Task objective: Return the records exactly as they are.

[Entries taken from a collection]
****************

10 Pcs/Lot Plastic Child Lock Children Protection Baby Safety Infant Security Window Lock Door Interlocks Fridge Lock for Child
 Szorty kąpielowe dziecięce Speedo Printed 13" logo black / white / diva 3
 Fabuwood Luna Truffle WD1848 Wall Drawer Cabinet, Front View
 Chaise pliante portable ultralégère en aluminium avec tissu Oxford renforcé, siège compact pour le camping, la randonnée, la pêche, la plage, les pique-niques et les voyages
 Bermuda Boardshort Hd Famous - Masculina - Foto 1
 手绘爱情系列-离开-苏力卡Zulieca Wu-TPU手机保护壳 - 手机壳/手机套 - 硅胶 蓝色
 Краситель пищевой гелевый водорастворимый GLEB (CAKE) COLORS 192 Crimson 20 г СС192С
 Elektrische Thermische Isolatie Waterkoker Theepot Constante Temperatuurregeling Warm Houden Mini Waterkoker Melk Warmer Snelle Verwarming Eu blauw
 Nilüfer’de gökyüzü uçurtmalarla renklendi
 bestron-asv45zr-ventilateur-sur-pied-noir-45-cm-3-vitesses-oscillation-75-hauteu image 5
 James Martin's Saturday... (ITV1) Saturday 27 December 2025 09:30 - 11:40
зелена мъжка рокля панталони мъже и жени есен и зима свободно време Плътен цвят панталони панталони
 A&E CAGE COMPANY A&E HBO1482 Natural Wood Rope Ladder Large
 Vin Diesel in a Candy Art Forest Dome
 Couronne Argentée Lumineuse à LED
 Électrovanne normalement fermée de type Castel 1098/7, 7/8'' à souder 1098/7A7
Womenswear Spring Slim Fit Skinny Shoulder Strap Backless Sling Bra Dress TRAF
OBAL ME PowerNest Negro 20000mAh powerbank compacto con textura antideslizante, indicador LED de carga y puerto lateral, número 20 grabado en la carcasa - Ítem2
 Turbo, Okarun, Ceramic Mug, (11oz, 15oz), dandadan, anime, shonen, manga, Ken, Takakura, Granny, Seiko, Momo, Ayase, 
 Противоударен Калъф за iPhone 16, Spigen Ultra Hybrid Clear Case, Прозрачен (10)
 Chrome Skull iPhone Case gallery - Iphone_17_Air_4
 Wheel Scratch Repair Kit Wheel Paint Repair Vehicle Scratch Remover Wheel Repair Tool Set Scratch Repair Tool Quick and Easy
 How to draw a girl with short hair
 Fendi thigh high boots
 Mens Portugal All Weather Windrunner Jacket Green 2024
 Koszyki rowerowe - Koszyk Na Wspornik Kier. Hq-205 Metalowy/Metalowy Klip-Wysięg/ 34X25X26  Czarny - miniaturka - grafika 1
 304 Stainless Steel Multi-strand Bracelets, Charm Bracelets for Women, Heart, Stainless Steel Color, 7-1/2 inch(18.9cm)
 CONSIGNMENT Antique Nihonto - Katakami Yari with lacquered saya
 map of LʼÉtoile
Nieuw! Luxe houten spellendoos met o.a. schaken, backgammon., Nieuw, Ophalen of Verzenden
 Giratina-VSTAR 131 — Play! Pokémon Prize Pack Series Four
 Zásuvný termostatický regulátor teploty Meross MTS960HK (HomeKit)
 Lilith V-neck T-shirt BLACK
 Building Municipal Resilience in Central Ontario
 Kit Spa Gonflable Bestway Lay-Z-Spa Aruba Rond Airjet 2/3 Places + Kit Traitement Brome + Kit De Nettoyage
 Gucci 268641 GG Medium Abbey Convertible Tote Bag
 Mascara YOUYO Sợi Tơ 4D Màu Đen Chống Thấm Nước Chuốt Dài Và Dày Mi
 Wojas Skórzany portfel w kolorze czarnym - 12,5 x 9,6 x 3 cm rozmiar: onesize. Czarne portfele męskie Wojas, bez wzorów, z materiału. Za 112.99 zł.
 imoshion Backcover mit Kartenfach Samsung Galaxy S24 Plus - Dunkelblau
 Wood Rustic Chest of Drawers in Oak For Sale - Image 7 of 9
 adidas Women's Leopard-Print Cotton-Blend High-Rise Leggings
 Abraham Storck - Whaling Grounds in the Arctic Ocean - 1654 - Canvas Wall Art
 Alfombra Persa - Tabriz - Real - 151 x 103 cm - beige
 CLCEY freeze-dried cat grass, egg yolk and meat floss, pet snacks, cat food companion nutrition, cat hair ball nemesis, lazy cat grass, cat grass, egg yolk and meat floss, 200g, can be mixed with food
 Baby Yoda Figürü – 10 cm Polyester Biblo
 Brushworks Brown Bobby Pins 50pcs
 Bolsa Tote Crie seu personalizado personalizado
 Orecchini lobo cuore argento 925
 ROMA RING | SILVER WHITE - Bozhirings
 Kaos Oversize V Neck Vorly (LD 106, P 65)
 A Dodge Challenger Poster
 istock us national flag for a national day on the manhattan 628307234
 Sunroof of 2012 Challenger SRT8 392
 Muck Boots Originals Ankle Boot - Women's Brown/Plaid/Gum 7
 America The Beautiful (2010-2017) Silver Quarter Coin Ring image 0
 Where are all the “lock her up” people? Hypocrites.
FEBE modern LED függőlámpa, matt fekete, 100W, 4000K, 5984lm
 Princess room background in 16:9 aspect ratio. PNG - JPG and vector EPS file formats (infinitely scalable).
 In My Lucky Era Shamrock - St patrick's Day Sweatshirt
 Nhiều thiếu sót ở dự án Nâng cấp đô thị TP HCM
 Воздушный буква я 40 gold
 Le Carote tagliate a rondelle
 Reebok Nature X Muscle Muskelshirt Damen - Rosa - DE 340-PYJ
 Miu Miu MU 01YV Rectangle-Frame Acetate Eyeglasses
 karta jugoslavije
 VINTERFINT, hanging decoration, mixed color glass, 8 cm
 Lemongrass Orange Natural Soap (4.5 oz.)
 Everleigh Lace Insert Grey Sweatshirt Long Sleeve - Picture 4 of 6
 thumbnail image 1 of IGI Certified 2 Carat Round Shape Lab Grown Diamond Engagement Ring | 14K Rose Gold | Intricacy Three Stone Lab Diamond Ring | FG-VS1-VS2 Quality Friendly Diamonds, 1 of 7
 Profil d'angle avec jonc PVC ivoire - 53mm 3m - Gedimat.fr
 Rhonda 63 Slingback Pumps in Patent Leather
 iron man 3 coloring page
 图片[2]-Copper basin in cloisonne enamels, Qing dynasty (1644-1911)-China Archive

****************

Output of the exercise:
10 Pcs/Lot Plastic Child Lock Children Protection Baby Safety Infant Security Window Lock Door Interlocks Fridge Lock for Child
 Szorty kąpielowe dziecięce Speedo Printed 13" logo black / white / diva 3
 Fabuwood Luna Truffle WD1848 Wall Drawer Cabinet, Front View
 Chaise pliante portable ultralégère en aluminium avec tissu Oxford renforcé, siège compact pour le camping, la randonnée, la pêche, la plage, les pique-niques et les voyages
 Bermuda Boardshort Hd Famous - Masculina - Foto 1
 手绘爱情系列-离开-苏力卡Zulieca Wu-TPU手机保护壳 - 手机壳/手机套 - 硅胶 蓝色
 Краситель пищевой гелевый водорастворимый GLEB (CAKE) COLORS 192 Crimson 20 г СС192С
 Elektrische Thermische Isolatie Waterkoker Theepot Constante Temperatuurregeling Warm Houden Mini Waterkoker Melk Warmer Snelle Verwarming Eu blauw
 Nilüfer’de gökyüzü uçurtmalarla renklendi
 bestron-asv45zr-ventilateur-sur-pied-noir-45-cm-3-vitesses-oscillation-75-hauteu image 5
 James Martin's Saturday... (ITV1) Saturday 27 December 2025 09:30 - 11:40
зелена мъжка рокля панталони мъже и жени есен и зима свободно време Плътен цвят панталони панталони
 A&E CAGE COMPANY A&E HBO1482 Natural Wood Rope Ladder Large
 Vin Diesel in a Candy Art Forest Dome
 Couronne Argentée Lumineuse à LED
 Électrovanne normalement fermée de type Castel 1098/7, 7/8'' à souder 1098/7A7
Womenswear Spring Slim Fit Skinny Shoulder Strap Backless Sling Bra Dress TRAF
OBAL ME PowerNest Negro 20000mAh powerbank compacto con textura antideslizante, indicador LED de carga y puerto lateral, número 20 grabado en la carcasa - Ítem2
 Turbo, Okarun, Ceramic Mug, (11oz, 15oz), dandadan, anime, shonen, manga, Ken, Takakura, Granny, Seiko, Momo, Ayase, 
 Противоударен Калъф за iPhone 16, Spigen Ultra Hybrid Clear Case, Прозрачен (10)
 Chrome Skull iPhone Case gallery - Iphone_17_Air_4
 Wheel Scratch Repair Kit Wheel Paint Repair Vehicle Scratch Remover Wheel Repair Tool Set Scratch Repair Tool Quick and Easy
 How to draw a girl with short hair
 Fendi thigh high boots
 Mens Portugal All Weather Windrunner Jacket Green 2024
 Koszyki rowerowe - Koszyk Na Wspornik Kier. Hq-205 Metalowy/Metalowy Klip-Wysięg/ 34X25X26  Czarny - miniaturka - grafika 1
 304 Stainless Steel Multi-strand Bracelets, Charm Bracelets for Women, Heart, Stainless Steel Color, 7-1/2 inch(18.9cm)
 CONSIGNMENT Antique Nihonto - Katakami Yari with lacquered saya
 map of LʼÉtoile
Nieuw! Luxe houten spellendoos met o.a. schaken, backgammon., Nieuw, Ophalen of Verzenden
 Giratina-VSTAR 131 — Play! Pokémon Prize Pack Series Four
 Zásuvný termostatický regulátor teploty Meross MTS960HK (HomeKit)
 Lilith V-neck T-shirt BLACK
 Building Municipal Resilience in Central Ontario
 Kit Spa Gonflable Bestway Lay-Z-Spa Aruba Rond Airjet 2/3 Places + Kit Traitement Brome + Kit De Nettoyage
 Gucci 268641 GG Medium Abbey Convertible Tote Bag
 Mascara YOUYO Sợi Tơ 4D Màu Đen Chống Thấm Nước Chuốt Dài Và Dày Mi
 Wojas Skórzany portfel w kolorze czarnym - 12,5 x 9,6 x 3 cm rozmiar: onesize. Czarne portfele męskie Wojas, bez wzorów, z materiału. Za 112.99 zł.
 imoshion Backcover mit Kartenfach Samsung Galaxy S24 Plus - Dunkelblau
 Wood Rustic Chest of Drawers in Oak For Sale - Image 7 of 9
 adidas Women's Leopard-Print Cotton-Blend High-Rise Leggings
 Abraham Storck - Whaling Grounds in the Arctic Ocean - 1654 - Canvas Wall Art
 Alfombra Persa - Tabriz - Real - 151 x 103 cm - beige
 CLCEY freeze-dried cat grass, egg yolk and meat floss, pet snacks, cat food companion nutrition, cat hair ball nemesis, lazy cat grass, cat grass, egg yolk and meat floss, 200g, can be mixed with food
 Baby Yoda Figürü – 10 cm Polyester Biblo
 Brushworks Brown Bobby Pins 50pcs
 Bolsa Tote Crie seu personalizado personalizado
 Orecchini lobo cuore argento 925
 ROMA RING | SILVER WHITE - Bozhirings
 Kaos Oversize V Neck Vorly (LD 106, P 65)
 A Dodge Challenger Poster
 istock us national flag for a national day on the manhattan 628307234
 Sunroof of 2012 Challenger SRT8 392
 Muck Boots Originals Ankle Boot - Women's Brown/Plaid/Gum 7
 America The Beautiful (2010-2017) Silver Quarter Coin Ring image 0
 Where are all the “lock her up” people? Hypocrites.
FEBE modern LED függőlámpa, matt fekete, 100W, 4000K, 5984lm
 Princess room background in 16:9 aspect ratio. PNG - JPG and vector EPS file formats (infinitely scalable).
 In My Lucky Era Shamrock - St patrick's Day Sweatshirt
 Nhiều thiếu sót ở dự án Nâng cấp đô thị TP HCM
 Воздушный буква я 40 gold
 Le Carote tagliate a rondelle
 Reebok Nature X Muscle Muskelshirt Damen - Rosa - DE 340-PYJ
 Miu Miu MU 01YV Rectangle-Frame Acetate Eyeglasses
 karta jugoslavije
 VINTERFINT, hanging decoration, mixed color glass, 8 cm
 Lemongrass Orange Natural Soap (4.5 oz.)
 Everleigh Lace Insert Grey Sweatshirt Long Sleeve - Picture 4 of 6
 thumbnail image 1 of IGI Certified 2 Carat Round Shape Lab Grown Diamond Engagement Ring | 14K Rose Gold | Intricacy Three Stone Lab Diamond Ring | FG-VS1-VS2 Quality Friendly Diamonds, 1 of 7
 Profil d'angle avec jonc PVC ivoire - 53mm 3m - Gedimat.fr
 Rhonda 63 Slingback Pumps in Patent Leather
 iron man 3 coloring page
 图片[2]-Copper basin in cloisonne enamels, Qing dynasty (1644-1911)-China Archive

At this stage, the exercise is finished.